__ENTRIES SUPPLIED__.

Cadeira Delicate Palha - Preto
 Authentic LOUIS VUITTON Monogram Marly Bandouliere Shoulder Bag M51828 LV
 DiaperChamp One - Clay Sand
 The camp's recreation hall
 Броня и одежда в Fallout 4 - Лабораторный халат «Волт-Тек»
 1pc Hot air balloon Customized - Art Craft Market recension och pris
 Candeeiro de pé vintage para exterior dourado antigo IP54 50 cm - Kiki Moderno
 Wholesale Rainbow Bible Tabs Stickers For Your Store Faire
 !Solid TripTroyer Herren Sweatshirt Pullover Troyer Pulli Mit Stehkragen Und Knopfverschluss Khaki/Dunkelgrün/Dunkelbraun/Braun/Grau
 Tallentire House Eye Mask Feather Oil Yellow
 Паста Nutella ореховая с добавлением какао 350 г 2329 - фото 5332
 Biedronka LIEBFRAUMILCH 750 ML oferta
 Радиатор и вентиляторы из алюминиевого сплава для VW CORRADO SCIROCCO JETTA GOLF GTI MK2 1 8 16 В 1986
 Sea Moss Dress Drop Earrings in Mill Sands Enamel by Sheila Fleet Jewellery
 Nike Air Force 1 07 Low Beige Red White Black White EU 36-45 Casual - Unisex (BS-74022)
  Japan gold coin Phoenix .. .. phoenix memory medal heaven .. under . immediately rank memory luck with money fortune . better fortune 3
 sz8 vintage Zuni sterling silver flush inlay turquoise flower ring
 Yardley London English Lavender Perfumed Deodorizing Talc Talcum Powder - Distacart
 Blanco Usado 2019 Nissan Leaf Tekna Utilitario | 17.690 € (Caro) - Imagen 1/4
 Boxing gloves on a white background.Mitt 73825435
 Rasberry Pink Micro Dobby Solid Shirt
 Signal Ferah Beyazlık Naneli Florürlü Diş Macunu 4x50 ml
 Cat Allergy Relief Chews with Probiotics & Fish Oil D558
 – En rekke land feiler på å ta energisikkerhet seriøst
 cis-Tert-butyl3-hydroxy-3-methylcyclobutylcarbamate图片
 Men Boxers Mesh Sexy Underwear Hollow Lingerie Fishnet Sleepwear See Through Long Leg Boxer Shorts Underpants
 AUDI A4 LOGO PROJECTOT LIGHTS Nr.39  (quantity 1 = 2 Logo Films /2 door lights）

__WHAT THE TASK REQUIRES__. Start at the first line of the entries above. Set down each line exactly through the one with "Nike Air Force", and stop there.

__ANSWER TO THIS PROBLEM__.
Cadeira Delicate Palha - Preto
 Authentic LOUIS VUITTON Monogram Marly Bandouliere Shoulder Bag M51828 LV
 DiaperChamp One - Clay Sand
 The camp's recreation hall
 Броня и одежда в Fallout 4 - Лабораторный халат «Волт-Тек»
 1pc Hot air balloon Customized - Art Craft Market recension och pris
 Candeeiro de pé vintage para exterior dourado antigo IP54 50 cm - Kiki Moderno
 Wholesale Rainbow Bible Tabs Stickers For Your Store Faire
 !Solid TripTroyer Herren Sweatshirt Pullover Troyer Pulli Mit Stehkragen Und Knopfverschluss Khaki/Dunkelgrün/Dunkelbraun/Braun/Grau
 Tallentire House Eye Mask Feather Oil Yellow
 Паста Nutella ореховая с добавлением какао 350 г 2329 - фото 5332
 Biedronka LIEBFRAUMILCH 750 ML oferta
 Радиатор и вентиляторы из алюминиевого сплава для VW CORRADO SCIROCCO JETTA GOLF GTI MK2 1 8 16 В 1986
 Sea Moss Dress Drop Earrings in Mill Sands Enamel by Sheila Fleet Jewellery
 Nike Air Force 1 07 Low Beige Red White Black White EU 36-45 Casual - Unisex (BS-74022)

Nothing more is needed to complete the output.